Now let's load the processed Parquet data to see the transformation results.

In [None]:
# Load processed data using the centralized pipeline
# This follows the "Process Once, Use Many Times" architecture from DESIGN.md

from src.data.website_processor import load_and_process_data

print("Loading processed data...")

df_processed, summary = load_and_process_data()
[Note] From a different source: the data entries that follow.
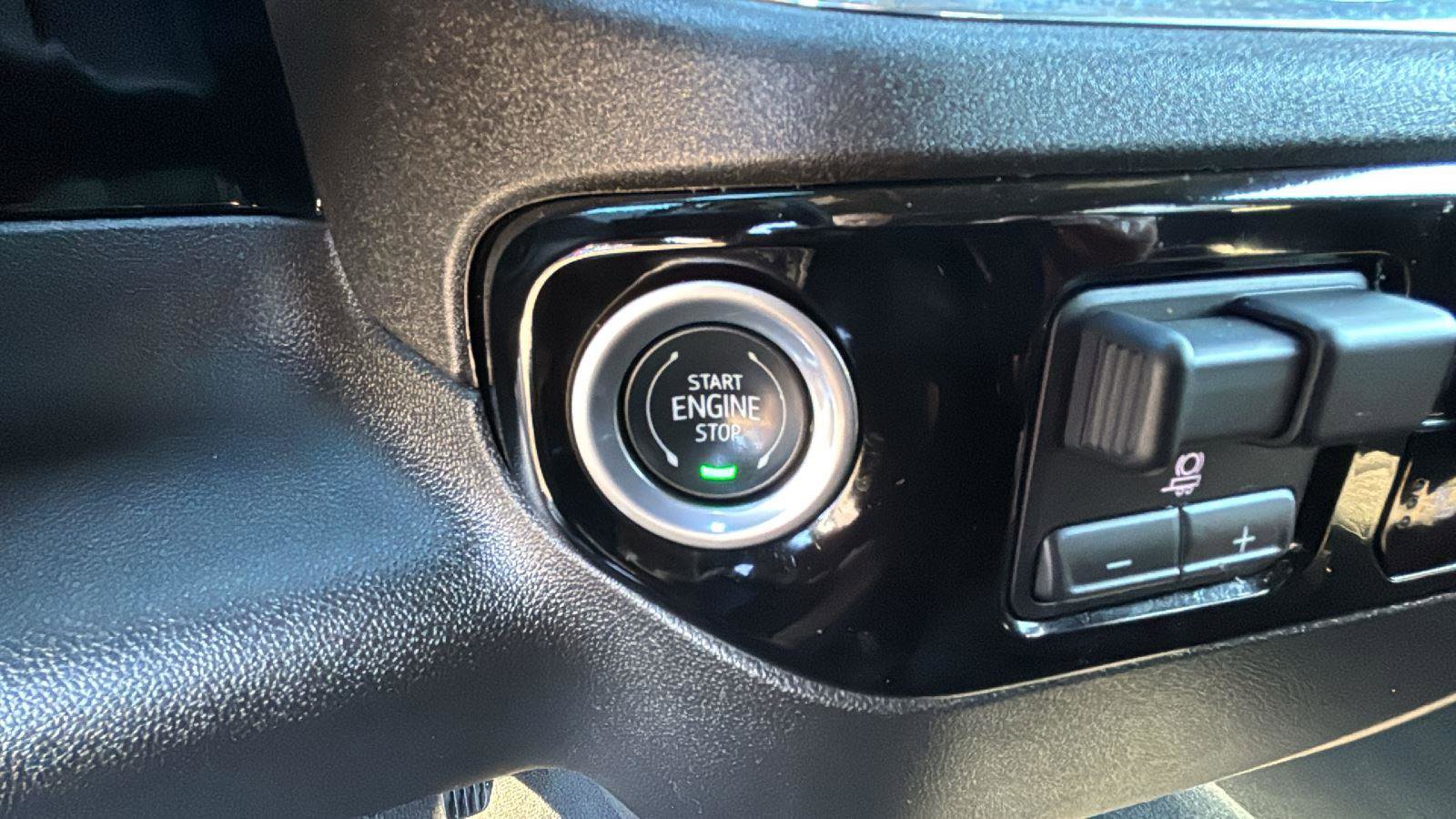 Used 2025 Chevrolet Silverado 1500 LT image 12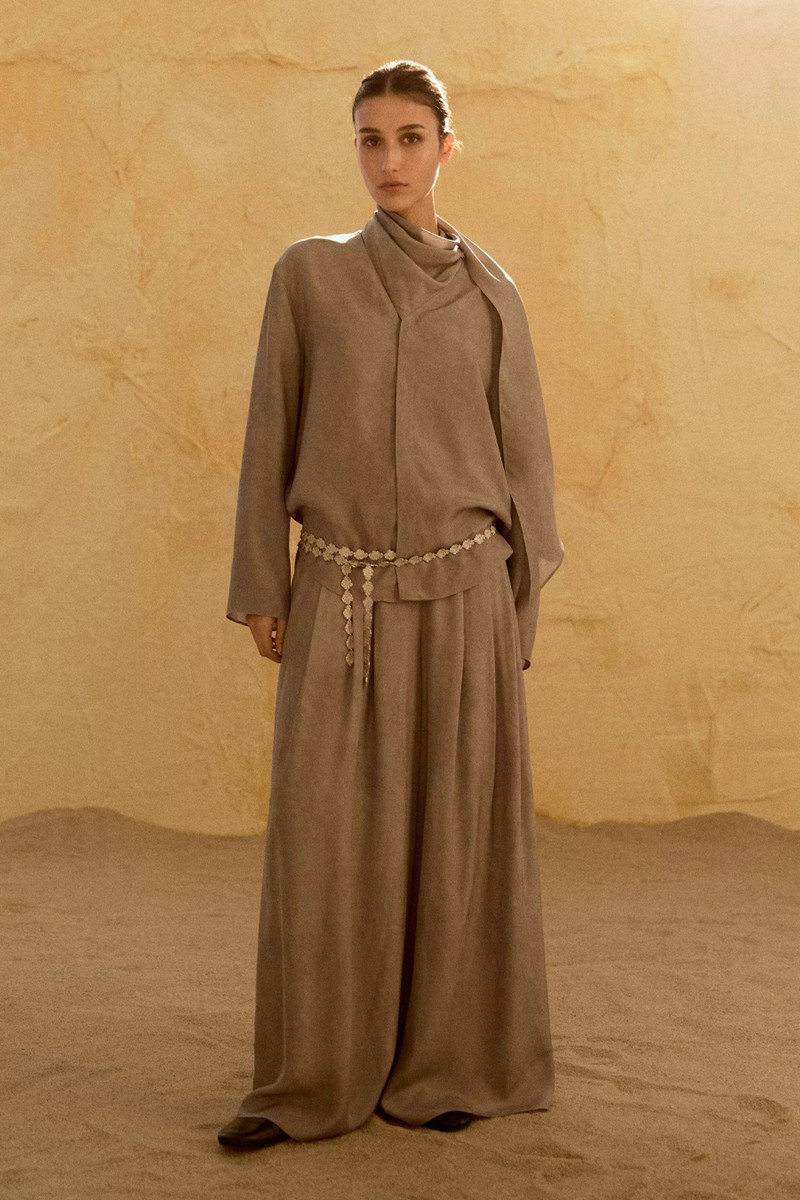 Flowing Shirt With Scarf Detail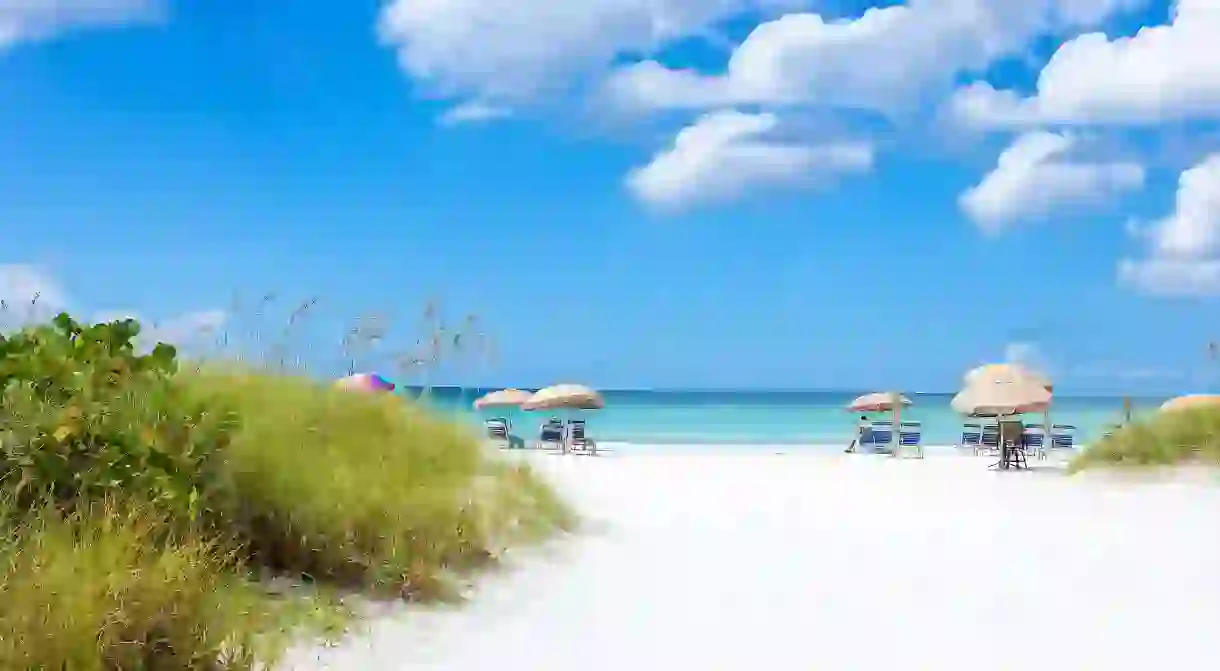 Treat yourself to a Florida vacation at a cheap Sarasota hotel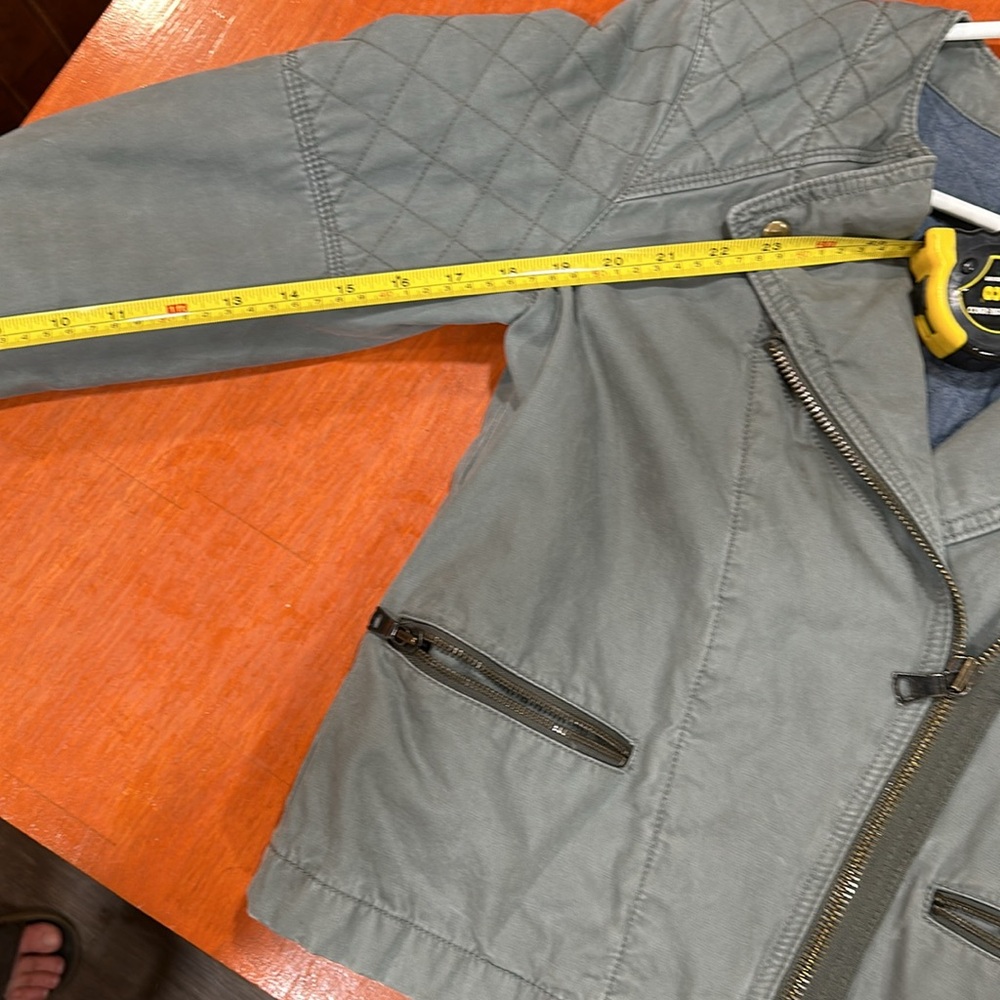 Gap moto jacket, quilted, great for spring or fall. No longer fits - Picture 6 of 6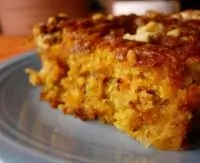 Манная запеканка с грецкими орешками и изюмом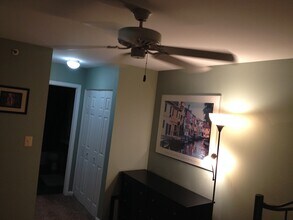 4411 Silverbrook Ln, Unit h301 in Owings Mills, MD - Foto de edificio - Building Photo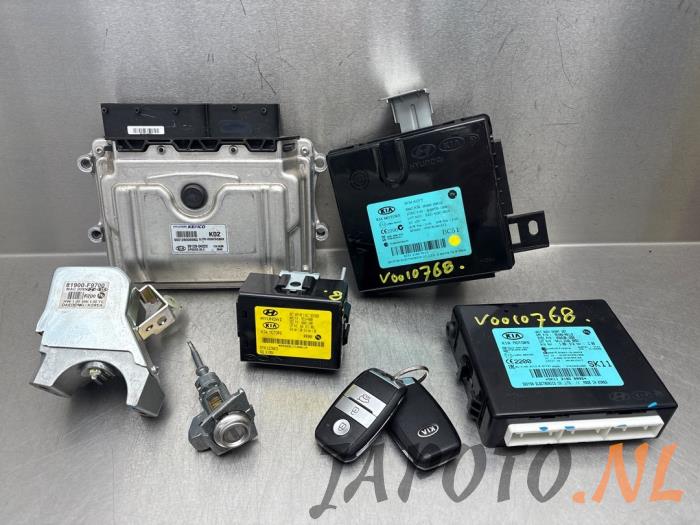 Used Ignition lock + computer Kia Rio IV (YB) 1.0i T-GDi 120 12V Price € 208,95 Margin scheme offered by Japoto Parts B.V.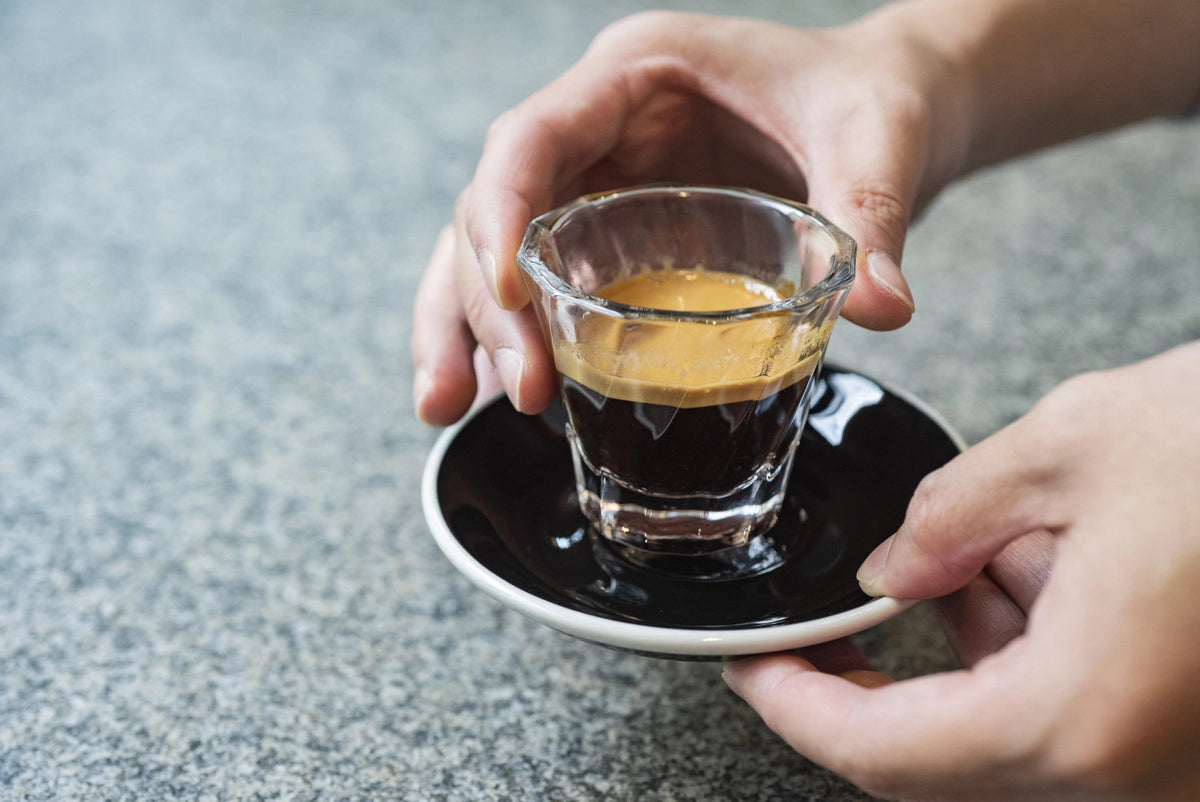 Twisted Espresso Glas  klar , Urban Glass in Transparent präsentiert im Onlineshop von KAQTU Design AG. Espressotassen ist von Loveramics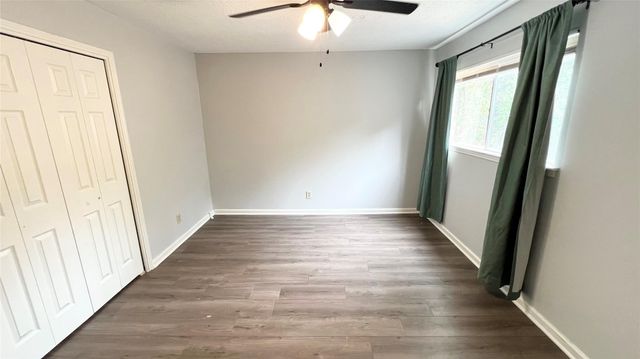 803 Glen Hollow Drive, Conroe, TX 77385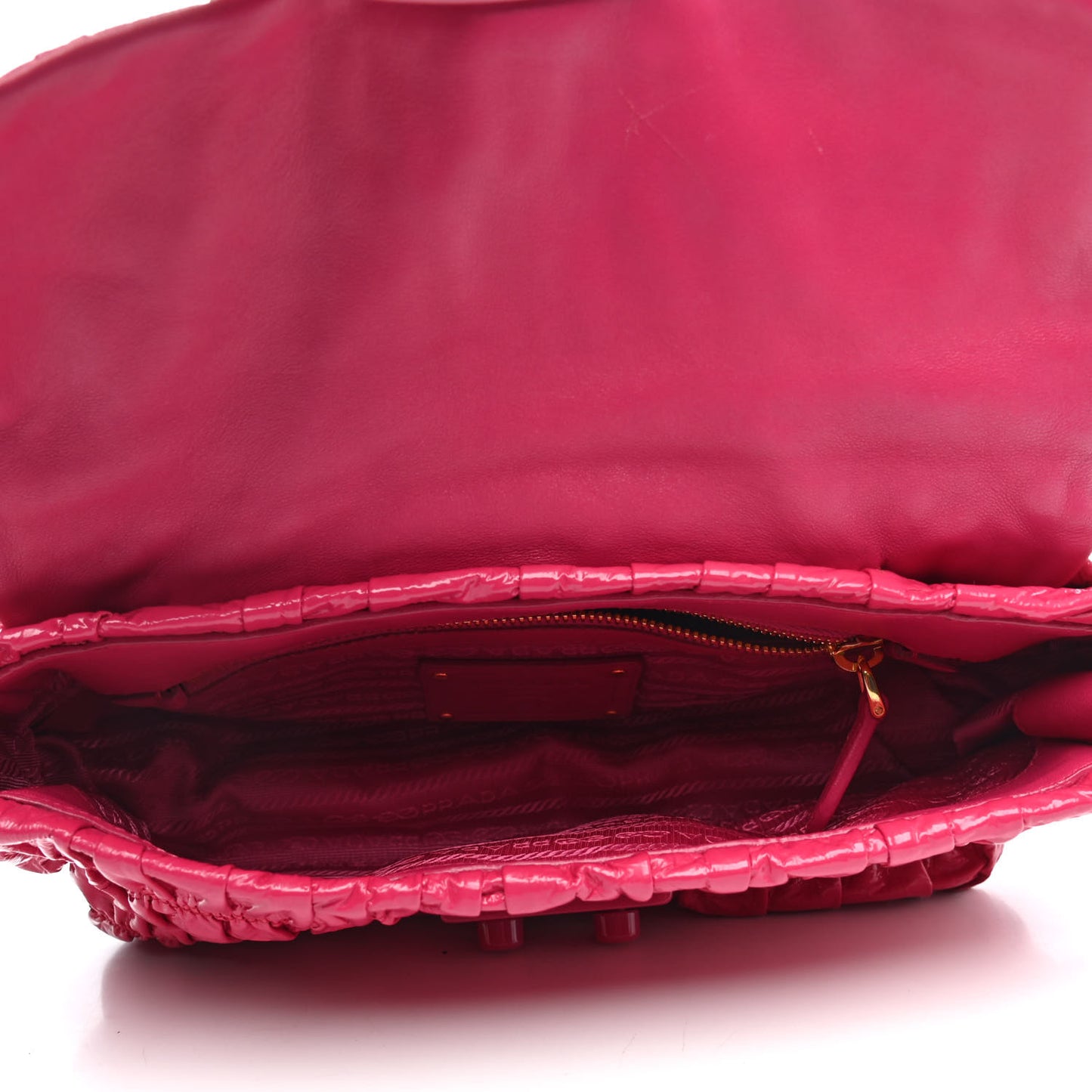 Vernice Gaufre Shoulder Bag Fuxia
print(f"[OK] Loaded {len(df_processed):,} records with {len(df_processed.columns)} columns")
print(f" Salary coverage: {summary['salary_coverage']:.1f}%")
print(f" Median salary: ${summary['salary_range']['median']:,.0f}")

# Display first 5 rows
print("\n" + "="*80)
print("PROCESSED DATA - First 5 Rows")
print("="*80)
display(df_processed.head())

# Show column names (snake_case)
print("\n" + "="*80)
print(f"PROCESSED DATA - Column Names ({len(df_processed.columns)} total, all snake_case)")
print("="*80)
print("\n".join([f"{i+1:3d}. {col}" for i, col in enumerate(df_processed.columns)]))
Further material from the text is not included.